La globalización muta la protección de las fronteras en una suerte de defensa psíquica que concentra nuestro temor a la disolución de las identidades nacionales

Frontera Polonia - Bielorrusia
DEL HAMBRE
Máriam Martínez-Bascuñán

La agresión de Bielorrusia a Polonia le ha hecho redescubrir de manera brutal su interdependencia con Europa, que ha acudido rauda en su ayuda porque su frontera es también la nuestra: la pura realidad física se impone. Y es que nada ayuda a proyectar con más fuerza un imaginario que la tierra en la que plantamos nuestros pies. “Un buen lugar para entender el presente y plantearse preguntas acerca del futuro es sobre el terreno, viajando con la mayor lentitud posible”, dice Robert Kaplan en La venganza de la geografía, y tiene razón: Afganistán y la crisis polaca nos enseñan que nuestra cercanía con África, con el Próximo y Medio Oriente y con Rusia nos distancia de Estados Unidos por una cuestión tan aparentemente trivial como la vecindad. En épocas de agitación, “aumenta la importancia de los mapas”, y Europa, antes que nada, es una unión geográfica.
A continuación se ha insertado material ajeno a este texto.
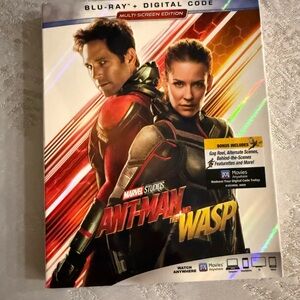 Marvel Studios Ant-Man and The Wasp Blu-ray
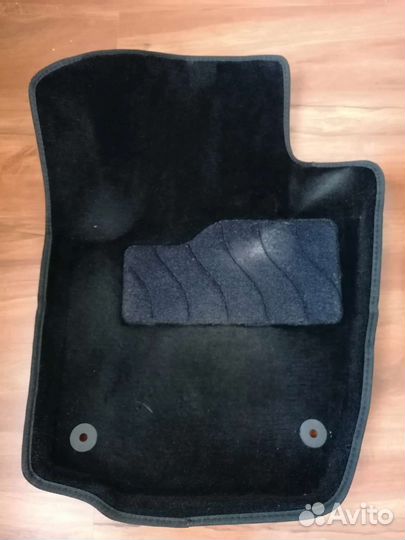 Коврики Skoda Rapid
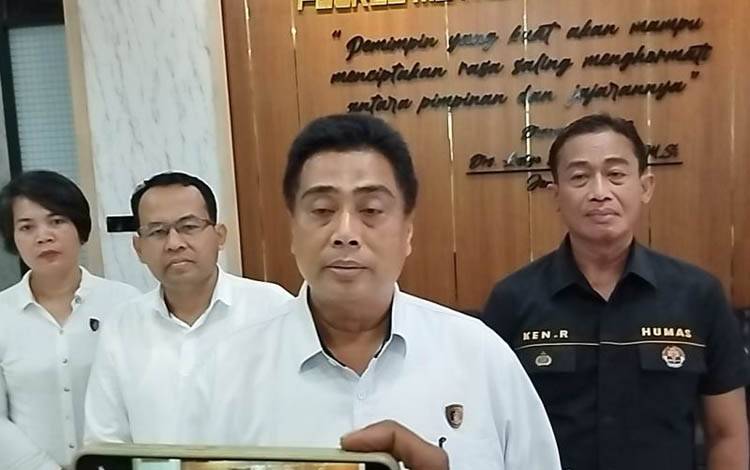 Polisi Tangkap Ayah Pemerkosa Anak Tiri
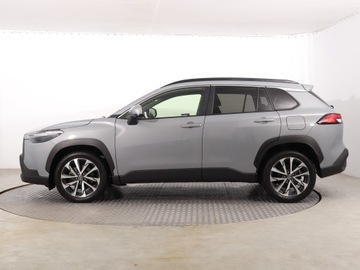 Toyota Corolla Verso AR10 2022 Toyota Corolla Cross 2.0 Hybrid 2WD, Salon Polska, zdjęcie 2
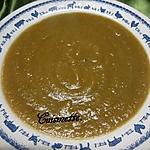 recette Soupe aux restes.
Lo difícil es convertirla en un espacio político y cultural coherente.

La globalización muta la protección de las fronteras en una suerte de defensa psíquica que concentra nuestro temor a la disolución de las identidades nacionales. Quizás por eso, como afirma J. Gray, el “Brexit fue una revuelta contra la globalización”. Pero hay una fuerza antidemocrática que empuja cada vez más lejos de la Unión a Polonia y Hungría. La primera se niega a aceptar la ayuda de Frontex en esta crisis humanitaria; y el TJUE acaba de condenar al Gobierno de Orbán por perseguir a las ONG que ayudan a los refugiados. La frontera se convierte en mera maquinaria defensiva que debe protegerse a cualquier precio, incluso al de convertir vidas en una amenaza para la integridad del territorio. ¿Qué nos diferencia de esa Bielorrusia que usa los cuerpos de los refugiados como puros instrumentos de guerra? Observamos de nuevo el vaciamiento descarnado de la vida.
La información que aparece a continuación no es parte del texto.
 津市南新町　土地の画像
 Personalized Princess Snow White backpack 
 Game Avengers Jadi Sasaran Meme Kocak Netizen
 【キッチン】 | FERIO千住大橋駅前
Y es así, como dicen Steven Levitsky y Daniel Ziblatt, como mueren las democracias, con esa lógica de deshumanización que se produce sin percatarnos. El regreso de la política del poder al ámbito de las relaciones internacionales puede provocar esa transformación paulatina de la vida en materia inerte, en puro instrumento al servicio de oscuros intereses. Porque, así como la democracia no es un asunto de todo o nada, sino una cuestión de grado, conviene que estemos vigilantes. Al cabo, las cosas se nos van de las manos porque en nuestra época todo parece moverse en zona de penumbra, hasta que es demasiado tarde y se asalta un Capitolio. Lo señalaba Jeremy Cliffe en The New Statesman: los próximos 18 meses traen tres grandes elecciones en Hungría, Turquía y Brasil, “tres pruebas potencialmente definitorias de la era”, una verdadera oportunidad para salvar la democracia en esos países que, hasta hace nada, celebrábamos como miembros del club. Pero en algún momento su camino se desvió y lo hizo como casi siempre, sin que nos diésemos cuenta. Y si mueren ellas, ¿cómo salvar entonces nuestras frágiles democracias?